しかし、千覚は禍々しい気配を感じ取っている。感じる気配は妖怪とも違うが人間なら行きながらにして地獄にいるような輩に違いない。彼は気配を殺して足音も立てずに入って行く。
岩屋の中は岩が入り組んでいて奥が深かった。その闇の中を千覚は確実な足取りで音を発しているものの所へ近づいていく。
そしてついにそのものの後ろに立つ。それは千覚に気づかず、爪で岩をひっかく。ガリガリ、ガリガリ、ガリガリ、ガリガリ・・・・
千覚は丹田に力を集中して、気を体内で爆発させる。するとまばゆい光の玉が出現して岩屋の中を照らす。千覚の前には2メートル位の大きさのカエルの化け物のようなものがいる。
それは鋭い10本の指を持っていた。大きな口には鋭い牙が並んでいる。そして何より体が土色のぬらっとした皮膚に覆われており目は大きく見開かれている。
千覚は無謀にも会話を試みる。
「なぜ、ここにいる。」「おらあ、おっかあにここにいるように言われただ。」
「母親はどうした。」「飯を持って来てくれたけど、今は来ねえ。」
「哀れな。」「お前、おいしそうなにおいがするな。食わせてくれ。」
「私は食べ物ではないぞ。」「食わせてくれー」
化け物は千覚に向かってくる。千覚は気を両手に集中して化け物の腹に掌底を撃ち込む。彼は撃ち込んだ瞬間青くなる。撃ち込んだ気が体の中へ伝わらず、ぬらっとした皮膚の表面に伝わり拡散したのだ。

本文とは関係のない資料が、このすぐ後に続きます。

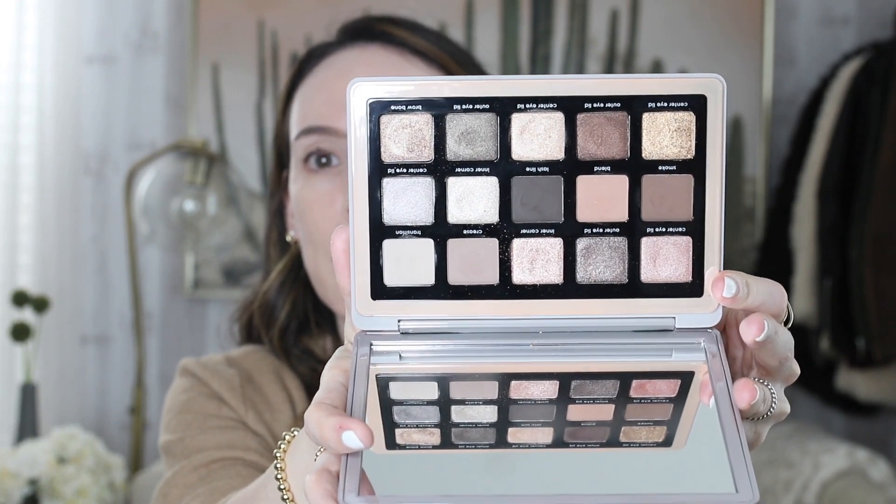I went ahead and did my brows and primer — the Urban Decay Primer Potion and my Hourglass Brow. Let's get on to the eyes. Let me bring my brushes up here. It is such a good palette — it's got a nice mix of shimmer, matte, light, dark, everything. More cool-toned. I'll link the blog post below where I did swatches of everything so you can head over there and see that.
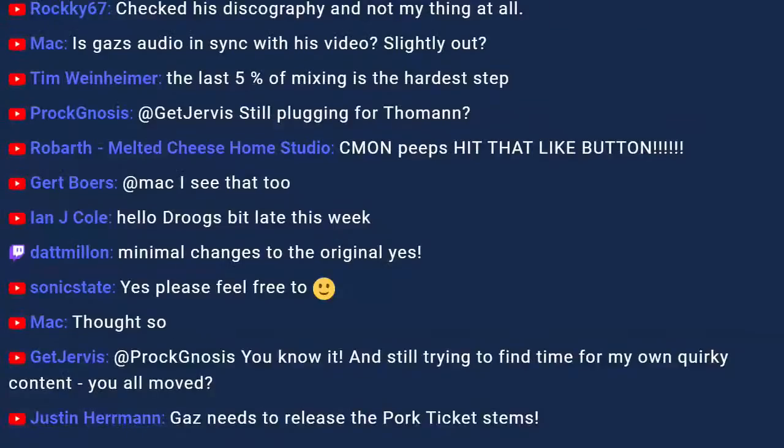Justin Herman in the chat says: Release the Pork Ticket stems — what a great title that would be. Apologies to people waiting for Pork Ticket. We're waiting for lockdown to end so we can get together to actually get this Pork Ticket album out. Very briefly, if you've not heard of Pork Ticket — it's my project where we try to make music that is truly horrible, making the wrong decision at every possibility, so many wrong decisions that you end up with something quite horrible but also quite beautiful.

彼は体を仰向けに倒して化け物の股の下をくぐる。彼が立ち上がると化け物の右手の爪が上半身を切り裂く。そして、千覚の右腕を化け物の左腕が引きちぎる。
化け物は右腕をガリ、ガリと音を立てて食べる。千覚は多量の出血で意識が途切れる。
村人たちは夕方まで千覚が出てくることを待っていたが彼は出てこない。
村人は千覚のために道のわきに千覚塚を築く。この塚はここから奥には行ってはならない目印になる。